Philippe Wampfler ist Lehrer und Dozent in der Schweiz und hat als Autor schon diverse Bücher zum Thema Bildung geschrieben. Sein Interesse und Engagement im Bereich Schule ist vielseitig. Aktuell engagiert sich Philippe Wampfler am Institut für zeitgemäße Prüfungskultur.
Im Podcast „School must go on“ spricht er über die Problematik von Prüfungen und Noten, die begrenzte Prognosefähigkeit der Schulen und darüber, wie Feedback die Kompetenzentwicklung unterstützen könnte.

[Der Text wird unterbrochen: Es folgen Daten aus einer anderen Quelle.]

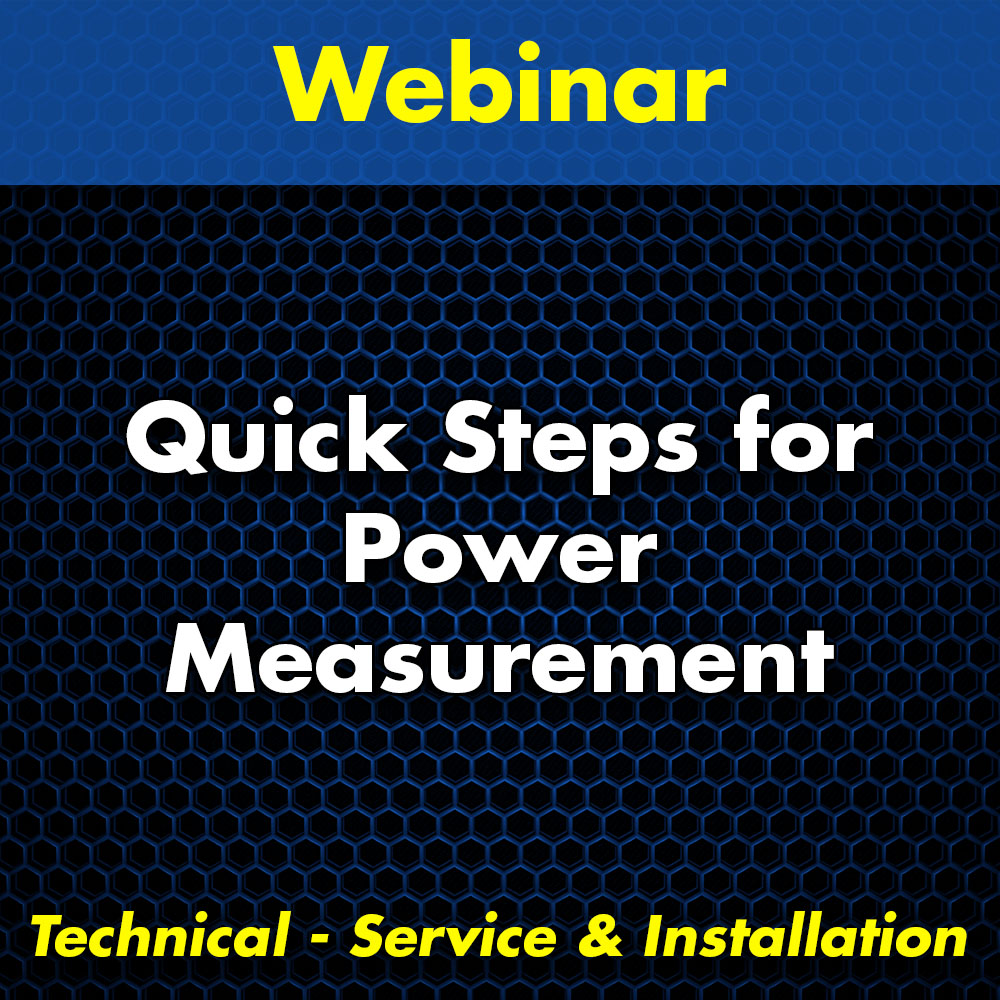 Quick Steps for Power Measurement Webinar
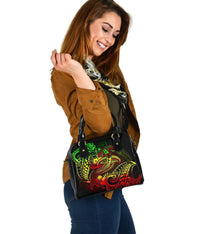 Samoa Shoulder Handbag - Reggae Shark Polynesian Tattoo One Size Reggae - Polynesian Pride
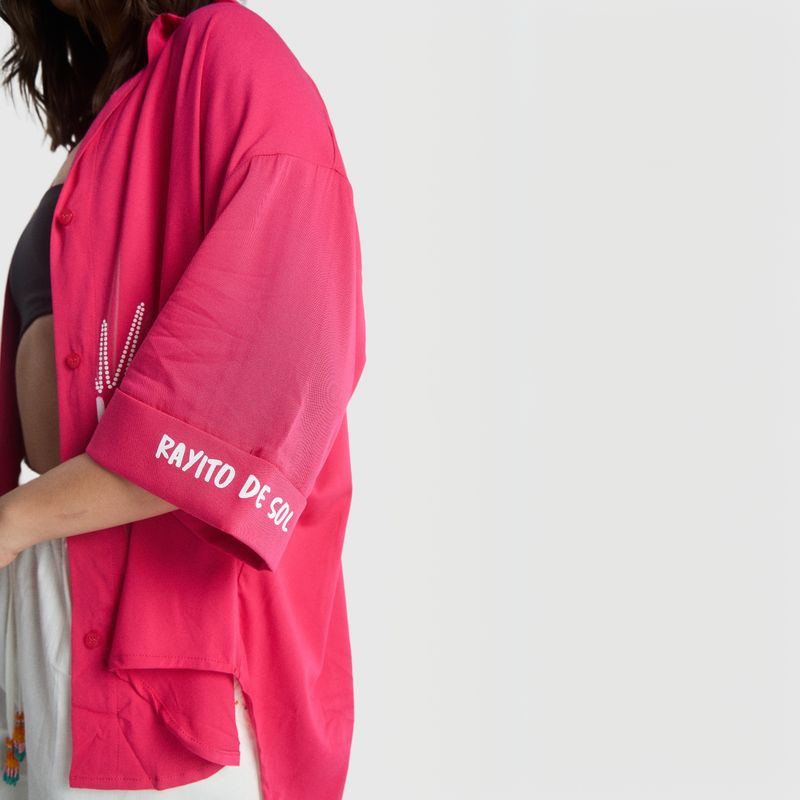 Sobrecamisa Rayito de sol - Fucsia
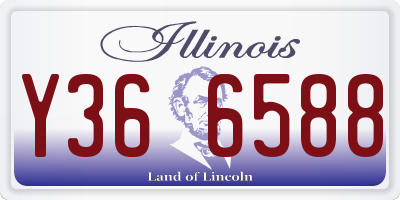 IL license plate Y366588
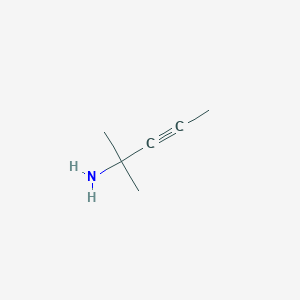 molecular formula C6H11N B8794423 2-Methylpent-3-yn-2-amine 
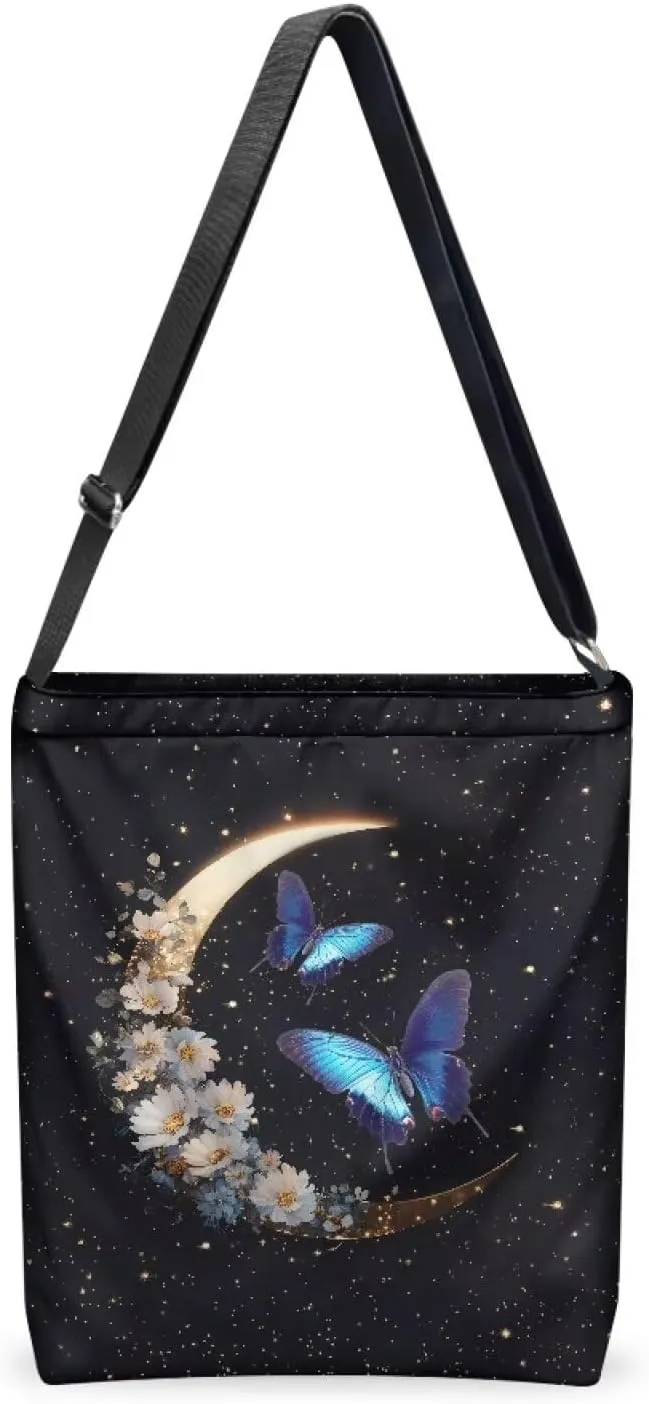 Canvas Tote Bag for Women, Anti Water Tote Bag Stylish Shoulder Purse Women'S Canvas Hobo Bag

– Das Problem hinter Prüfungen & Noten –

„Ich habe lange gedacht, dass Digitalisierung der Hebel ist, mit dem sich Schulen verändern ließen“, erklärt der Deutschlehrer. Er habe jedoch festgestellt, dass andere Dinge eine entscheidende Rolle bei der Entwicklung von Bildung spielen. „Prüfungen und Noten beenden Lernprozesse. Schüler/-innen hören auf zu lernen und das, was sie eigentlich interessiert, interessant zu finden. Stattdessen fokussieren sie sich auf das, was geprüft wird“, sagt Philippe Wampfler. So sehe man beispielsweise im Vorschulalter, dass Lernen etwas Lustvolles sei. Das sollte nicht aufhören. Außerdem seien Prüfungen und die damit einhergehenden Benotungen in jedem Fach willkürlich: „Das was so objektiv, so sachlich daher kommt, ist zutiefst unfair, verzerrt und problematisch!“

– Die Prognosefähigkeiten der Schulen sind beschränkt –

Das Problematische an dem derzeitigen Bewertungssystem sei, dass eine andere Person einem sage, wie gut man etwas gemacht hat, anstatt auf das eigene Gefühl zu der Aufgabe zu hören. „Man entmündigt die Lernenden. Sie müssen in der Lage sein, sofort ihr Lernen reflektieren zu können. Stattdessen nimmt man ihnen diese Autonomie und gibt sie jemand anderem“, kritisiert der Schweizer.
Außerdem sei problematisch, dass bei schlechten Leistungen automatisch die Prognose gestellt werde, dass einer Person das entsprechende Fach nicht liegt. Dabei gäbe es hier keinen Zusammenhang zwischen Leistung und Interesse. „Es hilft niemandem, gesagt zu bekommen ‚Das liegt dir nicht‘, wenn es einen doch interessiert“, so Philippe Wampfler. „Die Prognosefähigkeiten von Schulen, abhängig von den Fächern und dem Unterricht, sind sehr beschränkt.“ Besser sei es, mit den Schüler/-innen Wege zu finden, wie sie sich weiter für die Fächer interessieren und wie sie vorankommen können, ohne die Kränkung und ohne den Vergleich durch die Benotung.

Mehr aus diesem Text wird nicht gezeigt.